Eintracht Frankfurt muss noch mindestens für die gesamte Hinrunde auf die Dienste von Kevin Trapp verzichten. Der Handschuhträger zog sich im Auswärtsspiel bei Union Berlin (2:1) eine schwere Schulterverletzung zu, die eine Operation nötig machte. Cheftrainer Adi Hütter klärte über den Gesundheitszustand seiner Nummer eins auf.

Schmerz ist weg

„Der Schmerz ist weg und Kevin ist ungeduldig, wie man es sich von einem Profi wünscht“, erklärte Hütter während der Pressekonferenz vor dem Auswärtsspiel gegen Borussia Mönchengladbach (Sonntag, 18 Uhr).
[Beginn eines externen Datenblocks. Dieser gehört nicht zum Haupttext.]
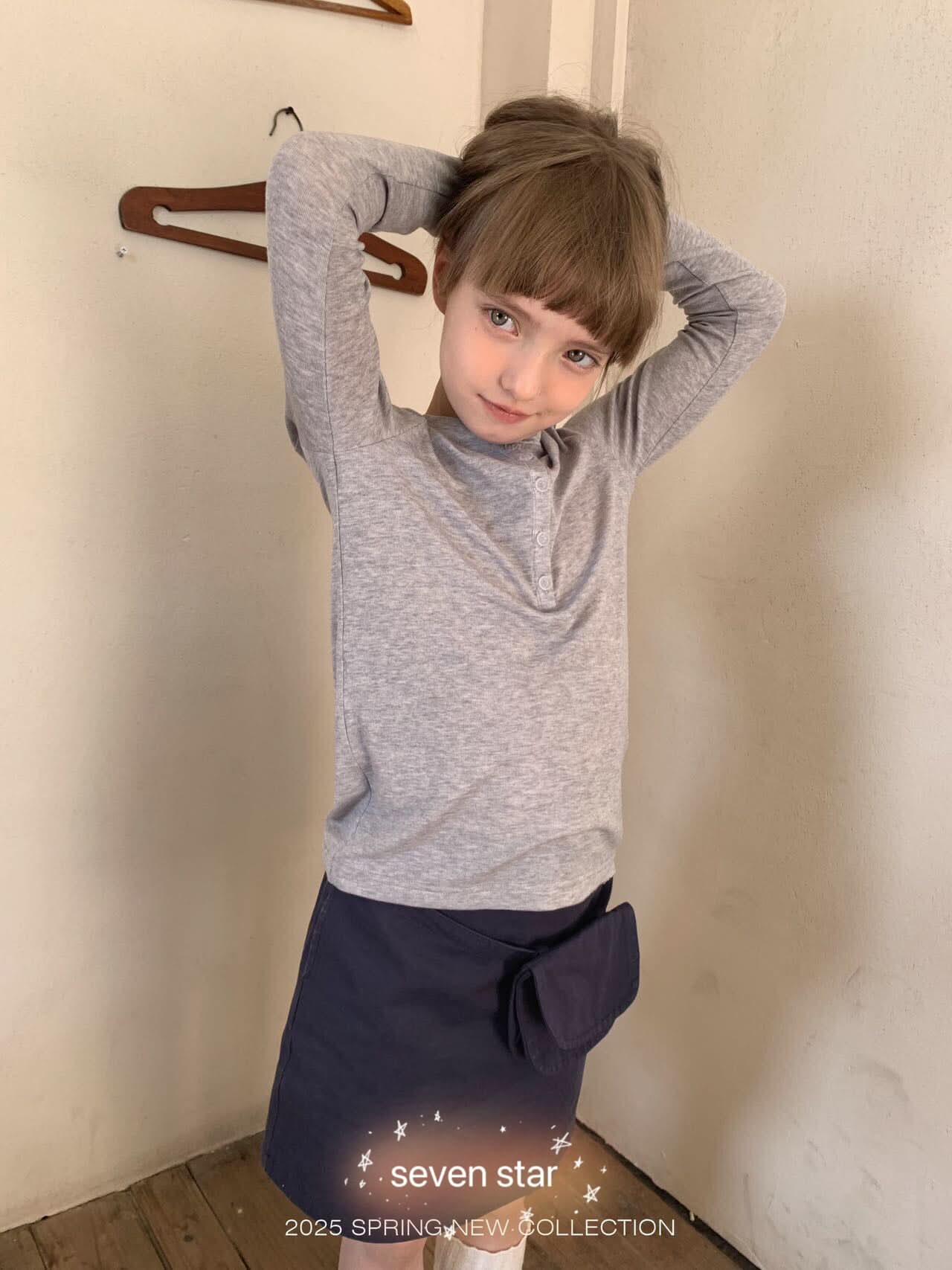 Tencel and Wool Blend T-shirt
Die Reha-Maßnahmen werde Trapp teils in Frankfurt, teils in Paris absolvieren. Druck will Hütter während des Gesundungsprozesses keinen ausüben: „Wir möchten, dass er auch vom Kopf frei ist und Zeit hat, sich zu regenerieren.“

Rönnow guter Vertreter

Nach langem Hin und Her realisierte die Eintracht im Sommer die feste Verpflichtung von Trapp, für den eine Ablöse von sieben Millionen Euro an Paris Saint-Germain fällig wurde. Nach dem Ausfall des Stammkeepers hat die Stunde von Frederik Rönnow geschlagen. Der Däne überzeugt bisher mit starken Auftritten und erhält für seine Leistungen Lob von allen Seiten.